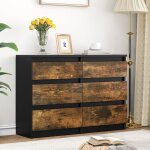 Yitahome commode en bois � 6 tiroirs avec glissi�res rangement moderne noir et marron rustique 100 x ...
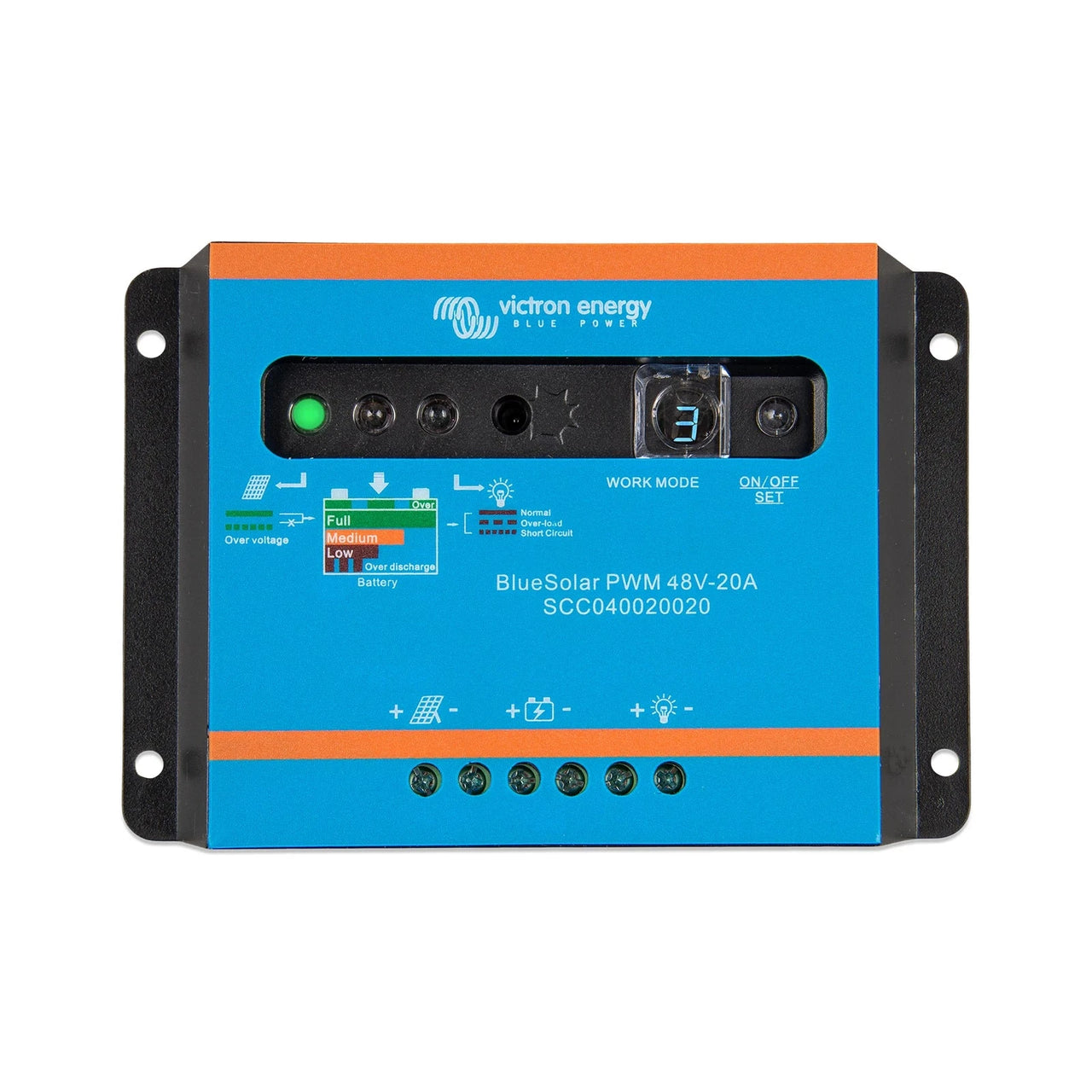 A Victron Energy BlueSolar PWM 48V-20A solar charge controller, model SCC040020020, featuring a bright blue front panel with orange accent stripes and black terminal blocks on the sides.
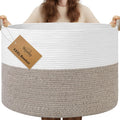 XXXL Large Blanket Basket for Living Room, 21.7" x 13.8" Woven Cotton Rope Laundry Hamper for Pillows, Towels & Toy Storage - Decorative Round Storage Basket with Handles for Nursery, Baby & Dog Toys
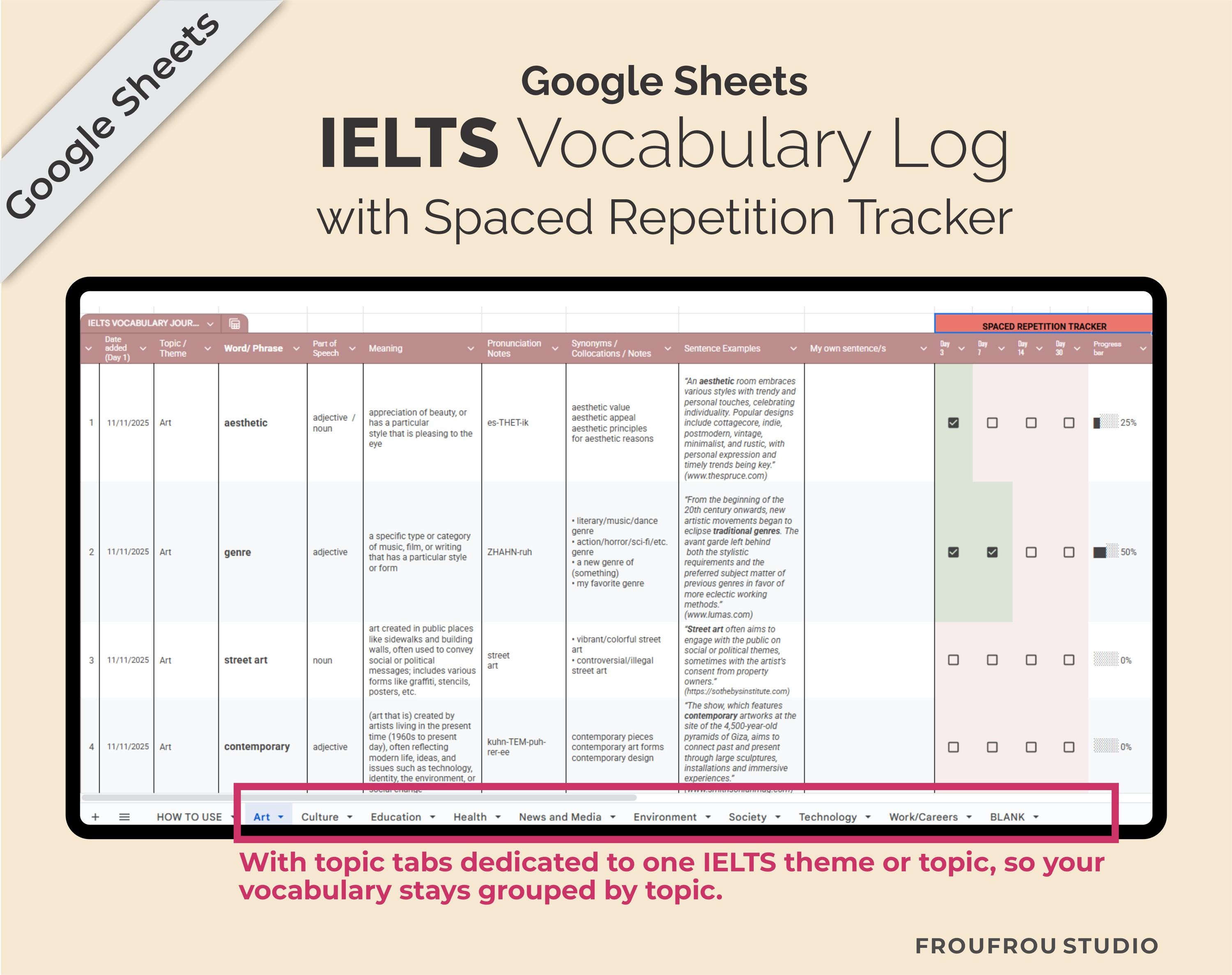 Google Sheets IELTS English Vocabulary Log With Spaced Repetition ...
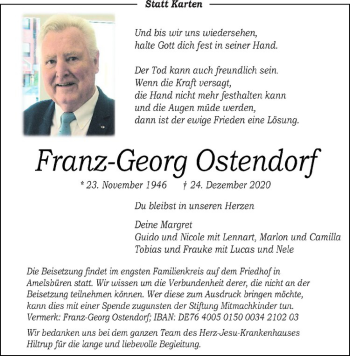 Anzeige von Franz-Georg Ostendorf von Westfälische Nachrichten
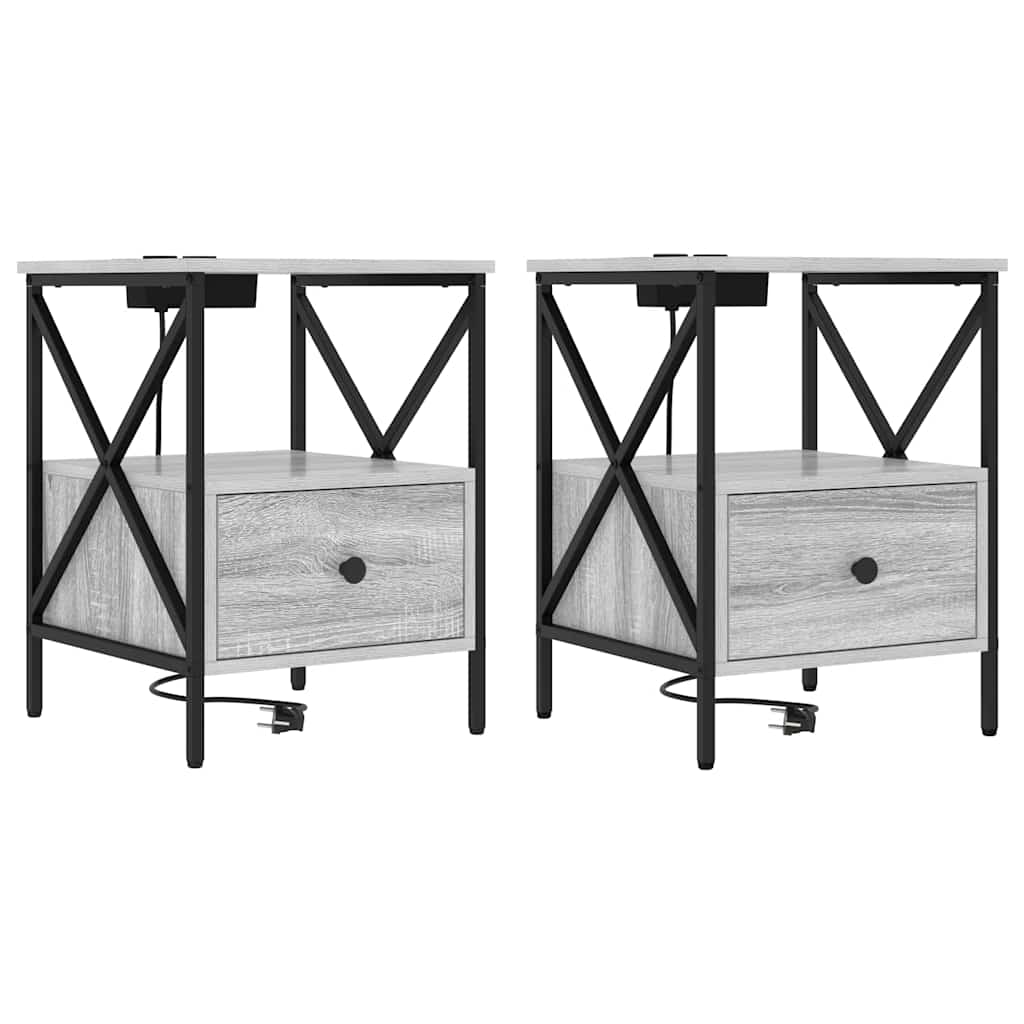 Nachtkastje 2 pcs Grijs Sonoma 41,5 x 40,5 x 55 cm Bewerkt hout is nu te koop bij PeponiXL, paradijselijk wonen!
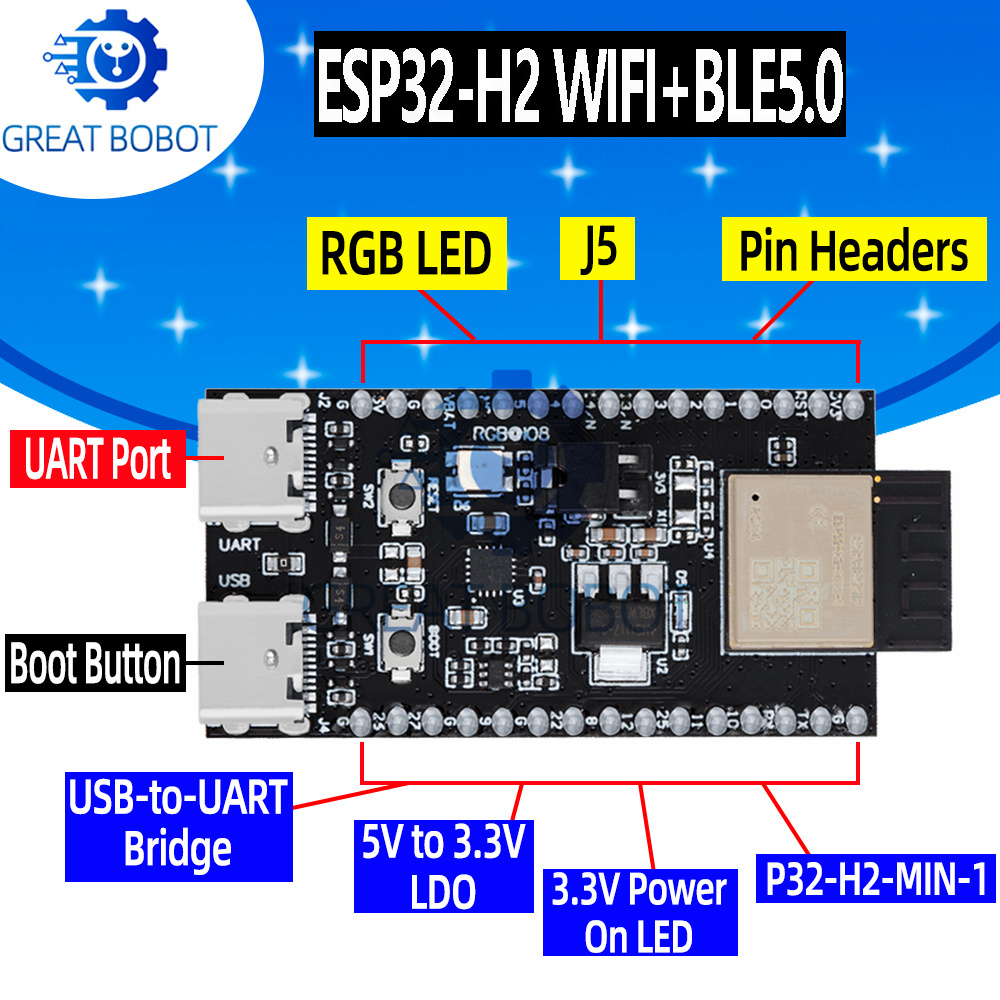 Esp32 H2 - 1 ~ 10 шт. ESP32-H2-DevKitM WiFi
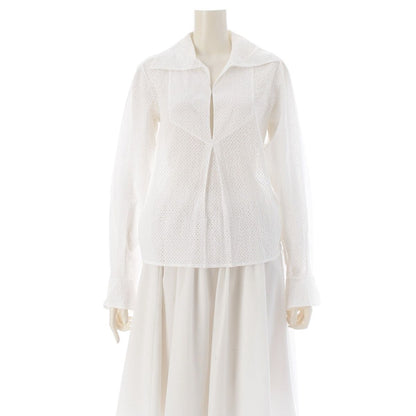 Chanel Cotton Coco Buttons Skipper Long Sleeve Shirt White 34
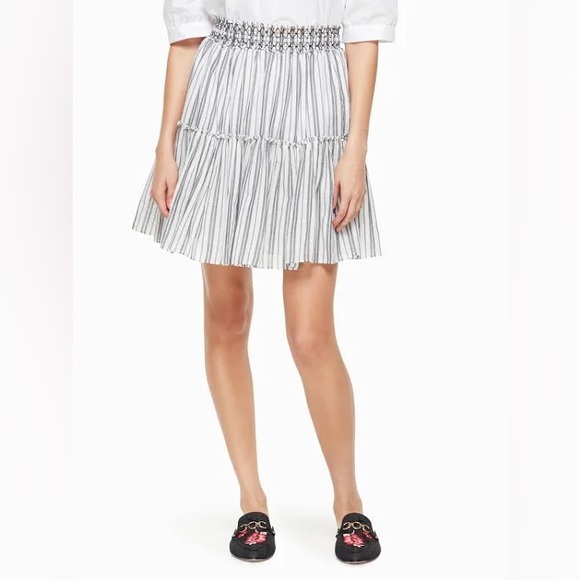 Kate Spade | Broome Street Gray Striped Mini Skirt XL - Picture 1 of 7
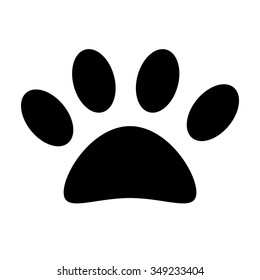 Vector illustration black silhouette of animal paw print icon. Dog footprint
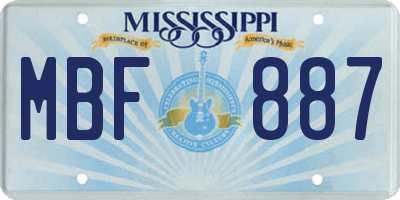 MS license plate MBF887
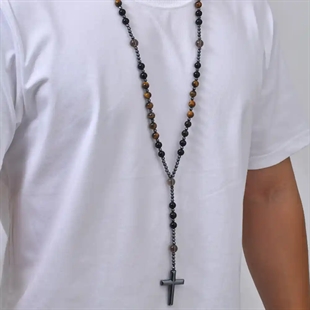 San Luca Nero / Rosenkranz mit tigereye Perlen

◇ ◇ ◇ ◇ ◇

• Aim of the task:
No picture belongs in the copy. Print every entry above exactly as it stands.

• Result:
 Yitahome commode en bois � 6 tiroirs avec glissi�res rangement moderne noir et marron rustique 100 x ...
 A Victron Energy BlueSolar PWM 48V-20A solar charge controller, model SCC040020020, featuring a bright blue front panel with orange accent stripes and black terminal blocks on the sides.
 XXXL Large Blanket Basket for Living Room, 21.7" x 13.8" Woven Cotton Rope Laundry Hamper for Pillows, Towels & Toy Storage - Decorative Round Storage Basket with Handles for Nursery, Baby & Dog Toys
 Google Sheets IELTS English Vocabulary Log With Spaced Repetition ...
 Anzeige von Franz-Georg Ostendorf von Westfälische Nachrichten
 Nachtkastje 2 pcs Grijs Sonoma 41,5 x 40,5 x 55 cm Bewerkt hout is nu te koop bij PeponiXL, paradijselijk wonen!
 Esp32 H2 - 1 ~ 10 шт. ESP32-H2-DevKitM WiFi
 Chanel Cotton Coco Buttons Skipper Long Sleeve Shirt White 34
 Kate Spade | Broome Street Gray Striped Mini Skirt XL - Picture 1 of 7
 Vector illustration black silhouette of animal paw print icon. Dog footprint
 MS license plate MBF887
 San Luca Nero / Rosenkranz mit tigereye Perlen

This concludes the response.